WHAT IS NEEDED
Go to the line in the entries below that holds "vidaXL Tr&auml;dg&aring;rdsoffset 3" and repeat exactly from there through the line that holds "Vintage 1950s–1970s Japan", inclusive.

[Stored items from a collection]
....................

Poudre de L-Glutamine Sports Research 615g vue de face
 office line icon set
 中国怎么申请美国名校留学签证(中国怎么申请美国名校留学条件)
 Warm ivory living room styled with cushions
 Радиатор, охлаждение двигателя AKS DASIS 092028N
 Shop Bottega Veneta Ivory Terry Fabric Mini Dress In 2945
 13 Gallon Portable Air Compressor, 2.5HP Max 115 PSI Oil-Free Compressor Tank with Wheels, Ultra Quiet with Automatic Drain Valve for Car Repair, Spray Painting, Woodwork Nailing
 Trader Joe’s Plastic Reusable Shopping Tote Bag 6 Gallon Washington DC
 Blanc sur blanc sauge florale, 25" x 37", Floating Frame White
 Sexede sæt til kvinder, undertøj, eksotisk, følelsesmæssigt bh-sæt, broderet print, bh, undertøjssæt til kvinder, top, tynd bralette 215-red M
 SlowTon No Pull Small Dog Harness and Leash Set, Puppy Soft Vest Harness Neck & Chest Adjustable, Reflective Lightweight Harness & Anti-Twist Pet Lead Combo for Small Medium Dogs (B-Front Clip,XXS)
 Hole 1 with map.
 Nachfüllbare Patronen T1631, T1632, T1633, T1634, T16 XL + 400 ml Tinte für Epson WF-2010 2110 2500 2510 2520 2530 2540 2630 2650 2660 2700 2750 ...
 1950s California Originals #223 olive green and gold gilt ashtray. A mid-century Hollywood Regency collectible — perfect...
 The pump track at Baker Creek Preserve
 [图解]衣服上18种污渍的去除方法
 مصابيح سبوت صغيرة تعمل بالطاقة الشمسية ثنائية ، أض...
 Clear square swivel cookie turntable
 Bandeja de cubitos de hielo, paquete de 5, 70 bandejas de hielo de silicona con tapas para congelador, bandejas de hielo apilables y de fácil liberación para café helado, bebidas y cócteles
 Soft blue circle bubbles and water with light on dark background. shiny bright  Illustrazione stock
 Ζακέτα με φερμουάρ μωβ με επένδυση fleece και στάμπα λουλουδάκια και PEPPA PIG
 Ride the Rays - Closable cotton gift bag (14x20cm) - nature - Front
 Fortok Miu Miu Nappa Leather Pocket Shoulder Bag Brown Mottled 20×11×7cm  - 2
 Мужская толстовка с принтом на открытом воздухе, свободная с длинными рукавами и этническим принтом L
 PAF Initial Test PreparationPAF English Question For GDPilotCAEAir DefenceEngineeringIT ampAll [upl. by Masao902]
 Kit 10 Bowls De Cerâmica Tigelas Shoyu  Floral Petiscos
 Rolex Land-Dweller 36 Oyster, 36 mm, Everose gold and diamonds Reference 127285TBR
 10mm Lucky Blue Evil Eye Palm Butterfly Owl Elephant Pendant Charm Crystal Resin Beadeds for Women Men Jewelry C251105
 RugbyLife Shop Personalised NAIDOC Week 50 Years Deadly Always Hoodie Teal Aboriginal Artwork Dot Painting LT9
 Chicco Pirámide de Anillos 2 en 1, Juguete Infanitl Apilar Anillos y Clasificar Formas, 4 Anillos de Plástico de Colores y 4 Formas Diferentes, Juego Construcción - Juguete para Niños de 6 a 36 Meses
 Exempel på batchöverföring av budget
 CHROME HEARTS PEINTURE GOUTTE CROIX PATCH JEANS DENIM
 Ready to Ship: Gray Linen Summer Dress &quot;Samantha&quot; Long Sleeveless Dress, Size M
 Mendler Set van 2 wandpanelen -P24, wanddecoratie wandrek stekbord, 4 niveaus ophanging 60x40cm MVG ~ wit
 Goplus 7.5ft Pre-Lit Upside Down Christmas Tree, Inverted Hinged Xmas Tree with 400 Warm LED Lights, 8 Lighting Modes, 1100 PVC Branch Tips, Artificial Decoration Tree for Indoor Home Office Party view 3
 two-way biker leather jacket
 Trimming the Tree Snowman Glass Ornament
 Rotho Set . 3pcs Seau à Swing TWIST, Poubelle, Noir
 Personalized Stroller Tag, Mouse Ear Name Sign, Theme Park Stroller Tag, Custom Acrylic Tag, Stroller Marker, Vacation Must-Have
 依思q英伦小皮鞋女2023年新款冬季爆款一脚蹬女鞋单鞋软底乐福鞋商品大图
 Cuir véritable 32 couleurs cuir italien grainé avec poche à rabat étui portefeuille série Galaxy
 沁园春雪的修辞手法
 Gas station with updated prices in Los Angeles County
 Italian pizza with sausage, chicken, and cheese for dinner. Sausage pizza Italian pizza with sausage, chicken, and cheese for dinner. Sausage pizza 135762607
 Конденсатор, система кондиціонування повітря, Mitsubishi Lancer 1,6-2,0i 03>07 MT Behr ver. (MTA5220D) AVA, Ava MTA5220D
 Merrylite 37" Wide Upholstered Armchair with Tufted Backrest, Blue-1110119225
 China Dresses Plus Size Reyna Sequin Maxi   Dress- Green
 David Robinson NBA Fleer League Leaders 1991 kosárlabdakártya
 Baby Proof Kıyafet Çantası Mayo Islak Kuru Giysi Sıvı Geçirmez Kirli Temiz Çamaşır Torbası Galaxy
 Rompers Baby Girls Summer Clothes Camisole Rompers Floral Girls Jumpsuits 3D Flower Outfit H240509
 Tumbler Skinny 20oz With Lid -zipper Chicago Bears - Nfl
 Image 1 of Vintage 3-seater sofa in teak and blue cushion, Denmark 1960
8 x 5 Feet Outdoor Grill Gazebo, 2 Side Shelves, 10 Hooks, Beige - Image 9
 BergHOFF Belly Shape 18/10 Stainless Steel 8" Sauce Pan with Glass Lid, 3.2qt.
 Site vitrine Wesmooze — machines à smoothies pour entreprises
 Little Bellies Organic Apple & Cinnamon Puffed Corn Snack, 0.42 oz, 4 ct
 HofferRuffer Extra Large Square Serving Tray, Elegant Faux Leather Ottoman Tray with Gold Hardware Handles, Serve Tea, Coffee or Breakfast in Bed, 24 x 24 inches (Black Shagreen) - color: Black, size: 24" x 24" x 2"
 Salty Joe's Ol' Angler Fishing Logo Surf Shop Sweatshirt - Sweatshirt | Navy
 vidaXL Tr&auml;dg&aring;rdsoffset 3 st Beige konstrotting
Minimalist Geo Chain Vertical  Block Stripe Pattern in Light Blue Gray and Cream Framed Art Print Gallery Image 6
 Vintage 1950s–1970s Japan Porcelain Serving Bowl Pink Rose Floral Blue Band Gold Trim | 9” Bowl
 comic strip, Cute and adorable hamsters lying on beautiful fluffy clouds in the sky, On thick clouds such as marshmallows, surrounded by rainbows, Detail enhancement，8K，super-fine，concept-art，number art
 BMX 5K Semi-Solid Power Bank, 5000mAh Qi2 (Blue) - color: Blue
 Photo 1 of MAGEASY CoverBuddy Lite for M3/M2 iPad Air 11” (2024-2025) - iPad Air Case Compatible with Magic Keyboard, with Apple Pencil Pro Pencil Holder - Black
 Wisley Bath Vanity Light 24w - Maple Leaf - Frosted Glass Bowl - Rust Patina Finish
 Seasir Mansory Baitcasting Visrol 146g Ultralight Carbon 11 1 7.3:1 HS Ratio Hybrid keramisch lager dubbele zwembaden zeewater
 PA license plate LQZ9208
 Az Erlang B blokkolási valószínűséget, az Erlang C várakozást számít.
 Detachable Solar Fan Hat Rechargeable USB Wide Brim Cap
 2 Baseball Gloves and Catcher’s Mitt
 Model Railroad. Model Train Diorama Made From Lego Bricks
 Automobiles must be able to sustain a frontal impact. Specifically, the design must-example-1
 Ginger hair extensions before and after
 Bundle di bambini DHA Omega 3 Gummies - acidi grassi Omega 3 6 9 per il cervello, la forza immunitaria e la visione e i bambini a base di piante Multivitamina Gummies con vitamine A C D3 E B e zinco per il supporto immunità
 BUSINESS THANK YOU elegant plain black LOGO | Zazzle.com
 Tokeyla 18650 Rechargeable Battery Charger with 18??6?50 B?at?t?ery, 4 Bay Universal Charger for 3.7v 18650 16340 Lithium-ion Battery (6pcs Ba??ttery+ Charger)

....................

WORKED SOLUTION
 vidaXL Tr&auml;dg&aring;rdsoffset 3 st Beige konstrotting
Minimalist Geo Chain Vertical  Block Stripe Pattern in Light Blue Gray and Cream Framed Art Print Gallery Image 6
 Vintage 1950s–1970s Japan Porcelain Serving Bowl Pink Rose Floral Blue Band Gold Trim | 9” Bowl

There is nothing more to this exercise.